Tidak sampai Presiden Johnson memanggil Pengawal Nasional bahwa kerusuhan akhirnya dipadamkan. Pada saat itu, 13 orang telah tewas, kebanyakan dari mereka di gedung yang terbakar. Sekitar 7.600 orang ditangkap karena penjarahan dan pembakaran, banyak dari mereka adalah pelanggar pertama. Kebakaran yang terjadi di berbagai lingkungan menyebabkan 2.000 orang kehilangan tempat tinggal dan hampir 5.000 orang menganggur. Butuh beberapa dekade bagi lingkungan untuk pulih sepenuhnya, dan ketika mereka melakukannya, sebagian besar profesional kulit putih yang meriah memperoleh manfaatnya.

Chicago

AP_6804070503_Chicago-WR.jpg Tentara berjaga di depan sebuah supermarket di 63rd Street di Chicago's South Side pada 7 April 1968. (AP Photo)

Komunitas Afrika-Amerika di Kota Kedua memiliki hubungan khusus dengan King, yang pada tahun 1966 tinggal di Sisi Barat yang dilanda kemiskinan ketika berkampanye untuk perumahan terbuka di kota tersebut. Hampir segera setelah berita kematian Raja tiba, penjarahan dan kerusuhan dimulai. Seorang warga setempat dari Sisi Barat mengatakan kepada Pembela Chicago pada 6 April, “Saya merasa ini adalah pintu yang dilaluinya akan muncul kekerasan. Karena cara Dr. King meninggal, saya bisa jamin itu akan sulit di sini. ”

Pada Jumat malam, sehari setelah pembunuhan Raja, yang pertama dari 3.000 pasukan Garda Nasional Illinois mulai tiba di kota dan disambut oleh tembakan penembak jitu di lingkungan Sisi Barat.
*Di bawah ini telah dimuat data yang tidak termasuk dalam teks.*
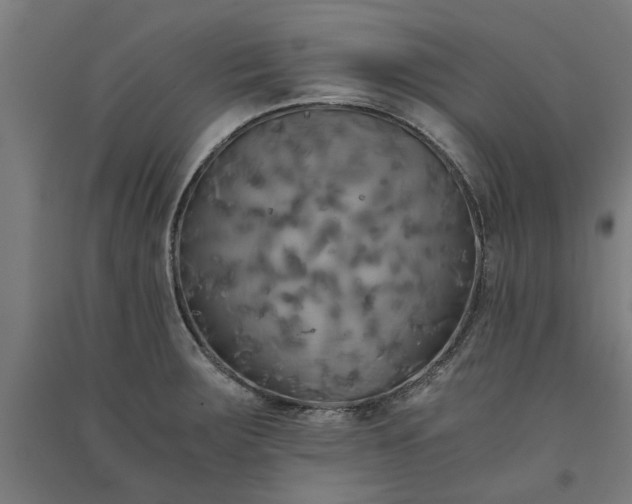 X0000091081283200708201425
Walikota Richard Daley memerintahkan polisi untuk "menembak untuk membunuh pelaku pembakaran apa pun atau siapa pun dengan bom molotov" dan "menembak untuk melukai atau melumpuhkan siapa pun yang menjarah toko di kota kami." Pada saat protes berakhir, 11 orang telah tewas., di mana tujuh kematian disebabkan oleh tembakan, lapor Chicago Defender . Hampir 3.000 orang ditangkap karena menjarah dan membakar.
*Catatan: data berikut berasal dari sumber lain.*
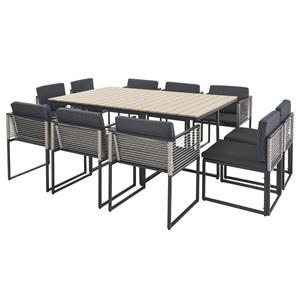 Praxis Dining Tuinset Monaco 11-delig 10 Personen
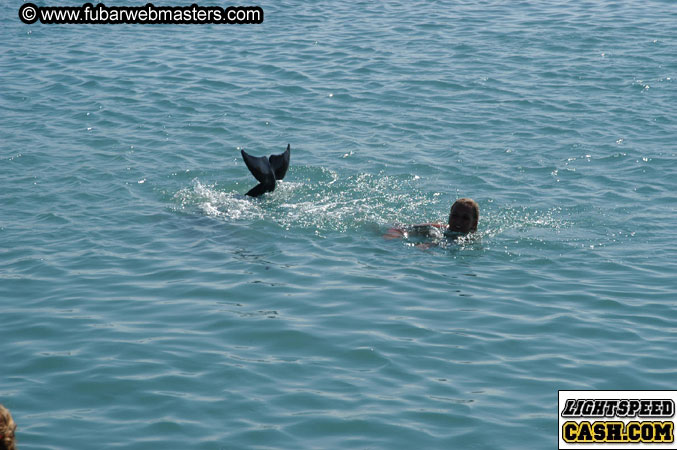 Encounter the Dolphins 2003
Seperti di Washington, para pemrotes melihat tindakan mereka dalam konteks yang lebih luas tentang segregasi dan ketidaksetaraan. "Kekerasan tidak identik dengan hitam, " tulis seorang kolumnis di Chicago Defender pada 20 April. "Siapa yang menembak Presiden Kennedy? Siapa yang menembak King? Pemberontakan hitam adalah protes sosial terhadap kondisi yang tak tertahankan yang telah dibiarkan terlalu lama. ”

Baltimore

AP_070117029598_Baltimore-WR.jpg Satu dari empat pria kulit hitam yang ditangkap oleh polisi di Baltimore 8 April 1968 membentangkan tangannya lebar-lebar. (Foto AP)
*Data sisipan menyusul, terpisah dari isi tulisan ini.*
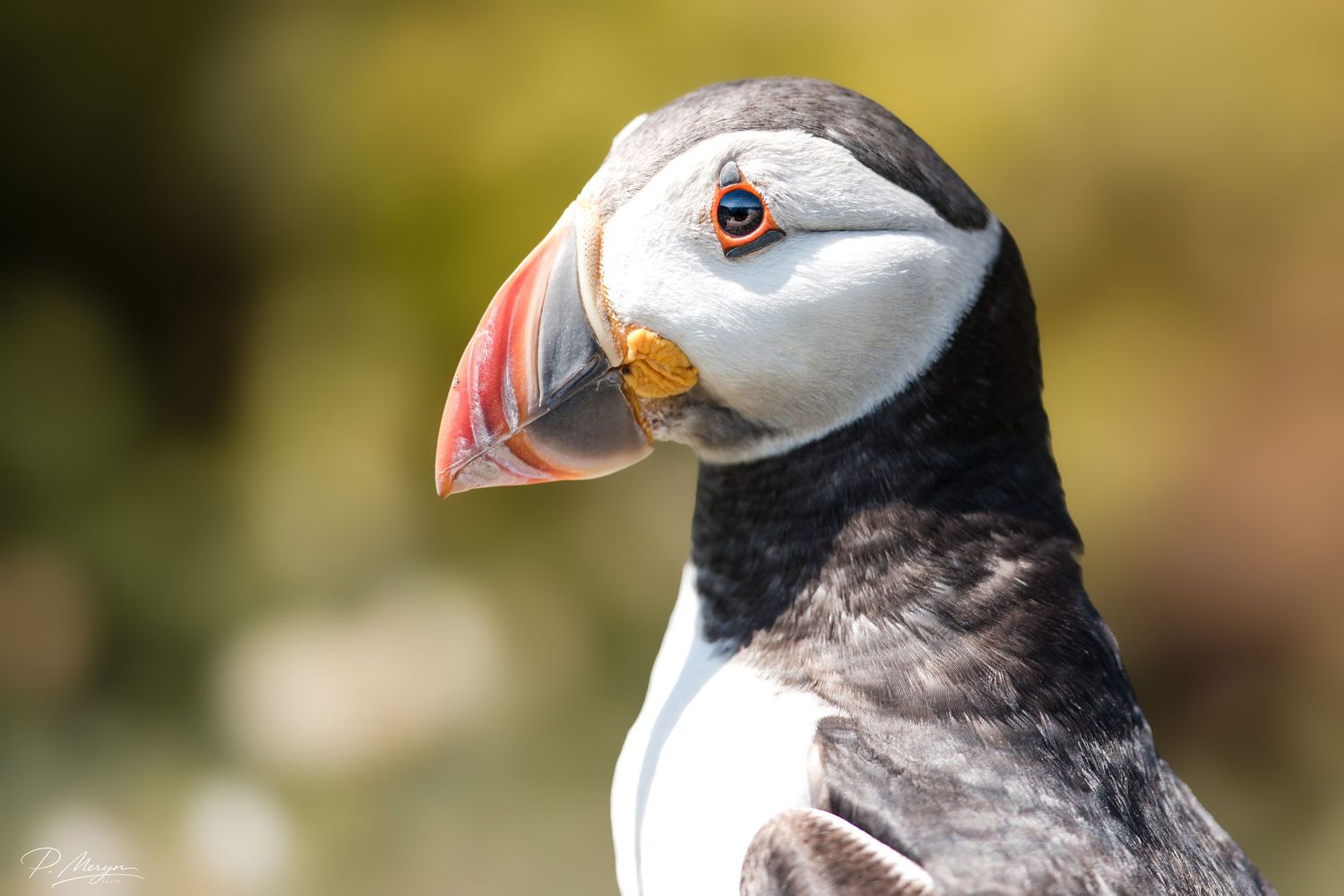 Close-up portrait of an Atlantic puffin with distinctive colorful orange beak against soft bokeh background.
Dari semua kota yang melihat kerusuhan setelah pembunuhan King, Baltimore menempati urutan kedua setelah Washington dalam hal kerusakan. Meskipun kerumunan itu berkumpul di Baltimore Timur pada hari Sabtu. 6 April dimulai dengan damai, mengadakan upacara peringatan, beberapa insiden kecil malam itu dengan cepat menyebabkan jam malam ditetapkan dan kedatangan 6.000 pasukan Garda Nasional. Protes yang meletus setelah itu menyebabkan hampir 1.000 bisnis dibakar atau digeledah; 6 orang tewas dan 700 lainnya luka-luka, dan kerusakan properti diperkirakan mencapai $ 13, 5 juta (sekitar $ 90 juta dalam mata uang hari ini), menurut Departemen Kepolisian Kota Baltimore.

Itu adalah minggu yang penuh gejolak, menakutkan bagi mereka yang tinggal di lingkungan di bawah pengepungan dari demonstran dan penegak hukum. “Pemberontakan Pekan Suci menimbulkan rasa takut yang besar. Takut ditembak, bayonetted oleh Guard, kehilangan rumah, tidak bisa menemukan makanan atau obat resep, ”tulis sejarawan Peter Levy. Yang membuat keadaan menjadi lebih buruk adalah gubernur Maryland Spiro Agnew, yang menyalahkan para pemimpin komunitas Afrika-Amerika karena tidak berbuat lebih banyak untuk mencegah kekerasan, menggambarkan mereka sebagai "mengendarai mobil, berkunjung ke Hanoi, melayani, melayani, menghasut kerusuhan, membakar tipe-tipe pemimpin Amerika." ke kerusuhan, dan untuk kejahatan yang lebih umum, menarik perhatian Richard Nixon, dan membawanya ke merekrut Agnew sebagai wakil presiden wakil presiden tahun itu.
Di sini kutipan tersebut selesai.